For quite some time, I tried to keep candy away from my oldest. Ha! With candy at every holiday, church gathering, school event, and even the bank and other stores, it was impossible. I did think to teach him about moderation and teeth brushing, but it is a constant struggle, for sure.
The effects that Halloween candy can have on your little monster’s teeth will make you scream. Although one night of candy probably won’t hurt, prolonged snacking can cause wear on tooth enamel. I've gleaned some great tips from Jefferson Dental for the best and worst candies for your (children's) teeth! While you sort candy together, keep in mind these tips for picking treats that are best and worst for your bewitching smile!
Candy to Avoid
- Hard candy that slowly dissolves in your mouth like Jolly Ranchers or suckers can be especially harmful because of the amount of time the sugars sit on the tooth’s surface.
- Jaw breakers and other hard candies can chip teeth and dental crowns.
- Chewy candy like taffies, toffies, gummies and caramels can get stuck in the crevices of your teeth, and continue promoting decay for hours or even days!
Candy that is "Okay"
- Sugar-free candies and gums are best for adult and developing teeth. In fact, some of them actually encourage saliva production, which is the #1 defendant against cavities.

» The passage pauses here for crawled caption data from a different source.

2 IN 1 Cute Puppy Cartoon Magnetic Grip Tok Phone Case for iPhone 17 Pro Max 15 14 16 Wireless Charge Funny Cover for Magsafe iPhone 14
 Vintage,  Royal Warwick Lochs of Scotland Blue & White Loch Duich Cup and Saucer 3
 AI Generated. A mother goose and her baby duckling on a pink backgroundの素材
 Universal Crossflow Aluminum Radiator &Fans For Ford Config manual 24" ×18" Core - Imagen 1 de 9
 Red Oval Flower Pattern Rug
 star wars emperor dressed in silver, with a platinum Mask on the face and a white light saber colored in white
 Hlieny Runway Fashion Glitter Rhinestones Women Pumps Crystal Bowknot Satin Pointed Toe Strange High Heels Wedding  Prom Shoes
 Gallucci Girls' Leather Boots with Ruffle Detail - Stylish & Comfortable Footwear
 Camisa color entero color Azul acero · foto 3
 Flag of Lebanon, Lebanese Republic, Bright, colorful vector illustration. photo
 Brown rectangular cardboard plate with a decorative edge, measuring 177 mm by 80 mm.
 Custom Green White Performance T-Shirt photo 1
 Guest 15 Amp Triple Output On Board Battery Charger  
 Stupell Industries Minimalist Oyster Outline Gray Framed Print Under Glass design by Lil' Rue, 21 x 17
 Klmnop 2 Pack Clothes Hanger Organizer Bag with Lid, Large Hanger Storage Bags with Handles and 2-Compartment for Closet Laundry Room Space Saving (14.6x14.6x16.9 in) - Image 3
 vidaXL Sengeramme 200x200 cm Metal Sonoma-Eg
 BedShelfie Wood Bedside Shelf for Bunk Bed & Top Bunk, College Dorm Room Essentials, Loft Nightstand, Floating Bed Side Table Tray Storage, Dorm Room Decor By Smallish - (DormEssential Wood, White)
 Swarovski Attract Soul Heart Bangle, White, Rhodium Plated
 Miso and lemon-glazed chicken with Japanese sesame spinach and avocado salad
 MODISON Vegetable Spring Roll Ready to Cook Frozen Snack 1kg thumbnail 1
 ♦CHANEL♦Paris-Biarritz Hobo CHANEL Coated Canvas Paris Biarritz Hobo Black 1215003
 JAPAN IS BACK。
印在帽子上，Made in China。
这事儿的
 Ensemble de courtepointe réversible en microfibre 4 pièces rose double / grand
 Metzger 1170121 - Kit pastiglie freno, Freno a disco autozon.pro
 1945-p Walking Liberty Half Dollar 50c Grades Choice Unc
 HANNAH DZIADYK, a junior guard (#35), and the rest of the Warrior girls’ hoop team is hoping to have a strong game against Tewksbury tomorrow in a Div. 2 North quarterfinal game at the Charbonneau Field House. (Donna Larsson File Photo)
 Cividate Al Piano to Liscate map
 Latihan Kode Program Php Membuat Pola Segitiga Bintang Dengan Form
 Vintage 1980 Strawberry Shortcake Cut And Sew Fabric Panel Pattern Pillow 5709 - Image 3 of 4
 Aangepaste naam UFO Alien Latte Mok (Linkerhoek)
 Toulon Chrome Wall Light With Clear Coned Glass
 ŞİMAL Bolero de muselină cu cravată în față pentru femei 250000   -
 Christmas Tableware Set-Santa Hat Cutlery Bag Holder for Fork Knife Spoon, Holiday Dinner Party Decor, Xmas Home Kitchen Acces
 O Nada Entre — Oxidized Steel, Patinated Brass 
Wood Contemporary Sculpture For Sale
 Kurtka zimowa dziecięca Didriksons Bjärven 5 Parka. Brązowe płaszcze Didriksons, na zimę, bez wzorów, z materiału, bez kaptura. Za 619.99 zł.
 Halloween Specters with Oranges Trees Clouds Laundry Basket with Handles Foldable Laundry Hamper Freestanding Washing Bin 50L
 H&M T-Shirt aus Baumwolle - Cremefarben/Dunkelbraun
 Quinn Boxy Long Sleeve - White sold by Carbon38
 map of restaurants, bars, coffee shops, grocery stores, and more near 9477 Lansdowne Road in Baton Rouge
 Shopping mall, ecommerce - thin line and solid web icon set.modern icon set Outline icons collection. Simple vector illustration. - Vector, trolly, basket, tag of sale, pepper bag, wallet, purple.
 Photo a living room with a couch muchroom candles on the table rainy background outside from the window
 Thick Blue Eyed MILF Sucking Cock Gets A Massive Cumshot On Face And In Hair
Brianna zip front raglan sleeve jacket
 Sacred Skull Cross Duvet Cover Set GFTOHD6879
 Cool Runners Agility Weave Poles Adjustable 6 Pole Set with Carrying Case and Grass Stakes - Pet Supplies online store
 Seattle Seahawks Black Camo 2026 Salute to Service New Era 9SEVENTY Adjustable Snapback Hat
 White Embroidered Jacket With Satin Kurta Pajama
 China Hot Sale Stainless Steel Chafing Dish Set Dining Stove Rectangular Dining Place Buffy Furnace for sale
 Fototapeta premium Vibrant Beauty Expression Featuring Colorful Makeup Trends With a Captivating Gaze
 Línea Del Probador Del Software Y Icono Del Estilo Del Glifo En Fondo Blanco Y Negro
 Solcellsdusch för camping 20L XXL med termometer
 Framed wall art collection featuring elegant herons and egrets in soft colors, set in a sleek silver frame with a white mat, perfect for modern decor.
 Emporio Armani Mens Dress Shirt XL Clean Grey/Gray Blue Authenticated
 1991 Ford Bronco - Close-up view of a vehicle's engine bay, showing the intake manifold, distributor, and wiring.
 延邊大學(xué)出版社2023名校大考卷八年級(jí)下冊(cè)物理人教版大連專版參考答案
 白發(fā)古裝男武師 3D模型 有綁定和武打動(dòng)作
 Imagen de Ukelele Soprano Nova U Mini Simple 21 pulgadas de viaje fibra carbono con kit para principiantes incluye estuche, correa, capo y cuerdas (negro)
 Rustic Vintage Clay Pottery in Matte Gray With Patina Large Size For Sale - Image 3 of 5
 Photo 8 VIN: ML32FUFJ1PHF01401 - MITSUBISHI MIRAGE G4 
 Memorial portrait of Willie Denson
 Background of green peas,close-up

- Chocolate-based sweets, especially dark chocolate, rinse from teeth easily and in some cases have even been shown to provide beneficial antioxidants when ingested.
- Powdery candy, while sugar-based, dissolves quickly and doesn’t stick to teeth.
Alternative Halloween Treats
- Apples with yogurt are a good “sweet” snack that doesn’t coat the teeth in sugar. Apples are thought to be good for the teeth because the natural crunch disturbs plaque.
- Carrots, cucumbers and celery with dressing. Veggies aren’t the top choice for kids on Halloween but try out these fun ways to serve up healthy alternatives.
- Crackers, popcorn and savory snacks come in festive fun-size packaging like Halloween candies do, but rinse from teeth more easily than sugary snacks. Be wary of sticky, marshmallow or caramel coated treats that stick to teeth.
- Drink water while eating candy to help rinse sugar off of teeth. Beware of chasing Halloween candy with soda or fruit juice that add another layer of sugar on the surface of the teeth.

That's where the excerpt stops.